The Volatility Cycle: How One Shock Sparks the Next

If you told me last month that people would be taking a -4% drop and a 40 VIX in relative stride, I would have thought you were delusional.  Yet this is what happens when volatility that once seemed eye-watering becomes normalized.

Last week's activity was not quite as crazy as some of the last few sessions.  That is why people are not overtly freaking out.  The time for that has passed.  That said, because it can take a while for liquidity to return to normal after a period of outsized moves, it is important to remember that volatility begets volatility.

There are many takeaways from this week’s drama.  Here are a few:

  • If yesterday’s announcement wasn’t indeed the “Trump Put”, it seemed an awful lot like one. 
  • We need to pay attention to Truth Social.  I’d imagine that news-reading algorithms are being programmed to do that right now, if they weren’t already.
  • The bond market really does rule. 
  • FOMO continues to reign supreme.  No one wants to miss THE rally.  That’s why bear market rallies are short, sharp, and ferocious.
  • Remember that volatility works in both directions.  When we go down, it’s scary and abnormal, but when we go up it’s “socially acceptable volatility.”
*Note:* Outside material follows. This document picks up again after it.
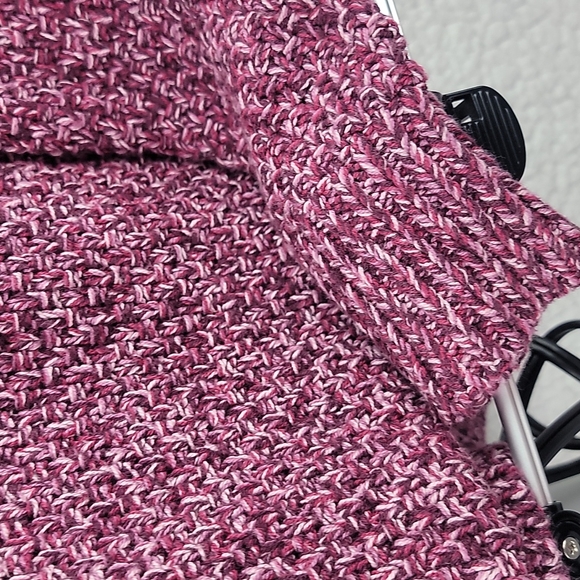 NEW LOFT sweater! - Picture 9 of 13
Regarding the so-called “Trump Put”: we have to wonder if its effects have a lasting effect.  The President’s comments about a tariff pause for most of the world certainly reversed the market’s mood yesterday, and did so quite abruptly.  But as I type this, most of those gains are in the process of being erased.  If that was the Trump Put being exercised, it appears that the benefits are fleeting.  On March 24th, we wondered whether some conciliatory comments about tariffs in the prior trading session represented that “put” in action.  We offered two pieces of evidence that it might have been interpreted as such but said that there was no proof to that effect.  With hindsight, it seems as though it was indeed a bona fide effort to ease the market’s mindset, but bear in mind that the S&P 500 (SPX) was about 10% higher then than now. 

As for the bond market: it was clear from the President’s and Treasury Secretary’s comments that concerns about the bond market were an important impetus for yesterday’s policy adjustment.  A stock market decline is never pleasant, but stocks can fall without causing systemic damage.  That is why we once again offered the reminder that the “Fed Put” is about financial soundness and liquidity, NOT the stock market.  If the bond market got bad enough that it threatened banks and disrupted the market for Treasury securities, that could have forced the Fed to react.  A selloff in stocks that threatens neither the broader financial system nor economic output will not cause that piece of the cavalry to ride to the rescue.

 And as for “socially acceptable volatility”, keep this in mind: if markets had instead fallen by the amount of yesterday’s rally they would have triggered market-wide circuit breakers.  The first one is triggered by a -7% fall in SPX.  Yesterday we rose +9.5%.  The financial system understandably prefers when markets rise.

As I type this, we now have SPX about -6% lower and VIX at 50.  The change that we saw in the past couple of hours would alone have caused no shortage of handwringing.  But for now, we recognize that volatility begets volatility.